The Association of European Cinémathèques (ACE) is an affiliation of 40 national and regional preservation film archives from all over Europe. Its joint role is to protect the European film heritage and to assure that the audio-visual records of our century survive to be enjoyed and studied for generations to come.

Recognising that film is essentially trans-national in character and that its problems of survival cannot be solved at national level alone, the founder-members of ACE came together in the late 80s to seek co-operative ways of saving and restoring the European film heritage.

ACE´s main aims are:

to guarantee the survival of the European film heritage

  • to ensure and enhance its continuing visibility on the cinema screen as well as through new moving-image technologies

To achieve these aims, ACE strives to:

  • promote public interest in European film culture and its history
  • awaken awareness of its cultural and economic value among European decisionmakers and the audio-visual industry
  • create favourable economic and legal conditions to allow the European film archives to fulfil their professional tasks
  • raise sufficient funds to safeguard the medium
  • co-ordinate support for the conservation, restoration and revival of films preserved in European archives
  • develop European-wide technical and scientific research into conservation and restoration of film materials

 

European Co-operation:

The achievement of ACE's predecessor, the LUMIERE Project, supported by the MEDIA I Programme of the European Union, has already proved how successful European collaboration among film archives can be. The LUMIERE Project led to:

  • new-scale effects and positive structural changes in the European archive community
  • the preservation and restoration of more than 1.000 European films (including shorts and documentaries) up to the 1960s, based on international technical co-operation and exchanges
  • the rediscovery and identification of 700 European films or unique film versions
  • a filmographic database of all European feature films produced since 1895

Under MEDIA II, ACE has succeeded in setting up a professional training programme for students and archivists (ARCHIMEDIA), and in gaining funds from RAPHAEL for the continued support of a search for lost European films; from CALEIDOSCOPE for the technical research project All the Colours of the World (the restoration of silent film colouring systems); and from LEONARDO for the Internet project Film Archives Online.

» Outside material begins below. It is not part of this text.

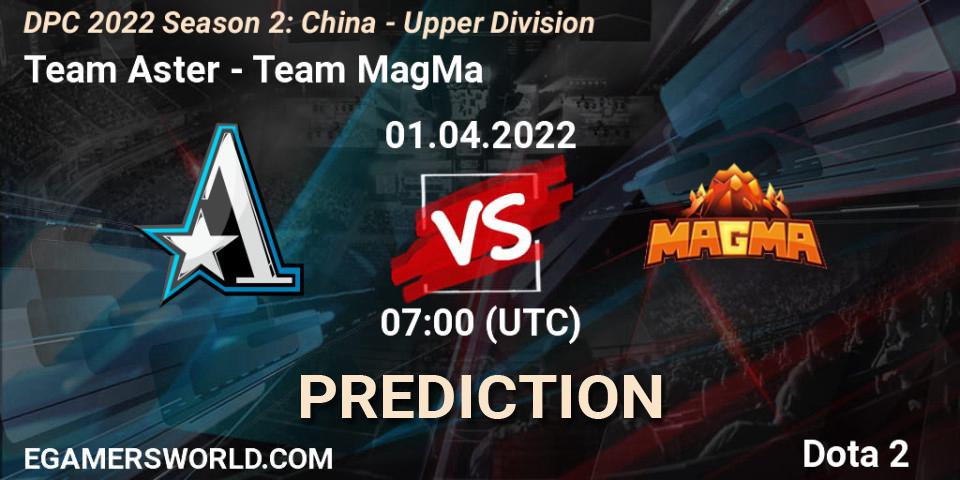 Team Aster - Team MagMa: прогноз. 15.04.2022 at 10:30, Dota 2, DPC 2021/2022 Tour 2 (Season 2): China Division I (Upper)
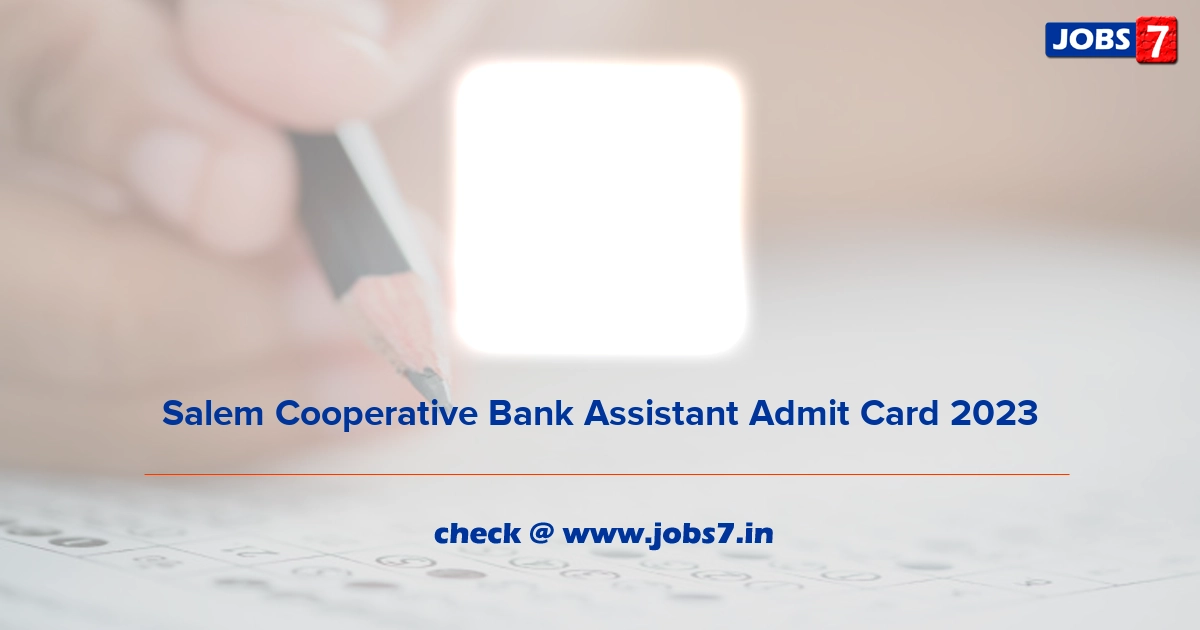 Salem Cooperative Bank Assistant Admit Card 2023 (Out), Exam Date @ drbslm.in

However, these projects - although valuable in themselves - are not sufficient to change the overall critical situation regarding the protection and accessibility of the European film heritage.

 

What ACE needs:

Active financial, political and public support for

  • its initiatives in the field of preservation and restoration
  • a change in the relationship between the archives and the film industry, allowing the systematic re-investment of exploitation funds back into preservation
  • a new legal framework for archive activity
  • more technical and scientific research into preservation and restoration methods on a European scale.

Film heritage will play a decisive role in our cultural identity and memory and in the aspirations of the audio-visual industries. The preservation archives are the basic platform for that process.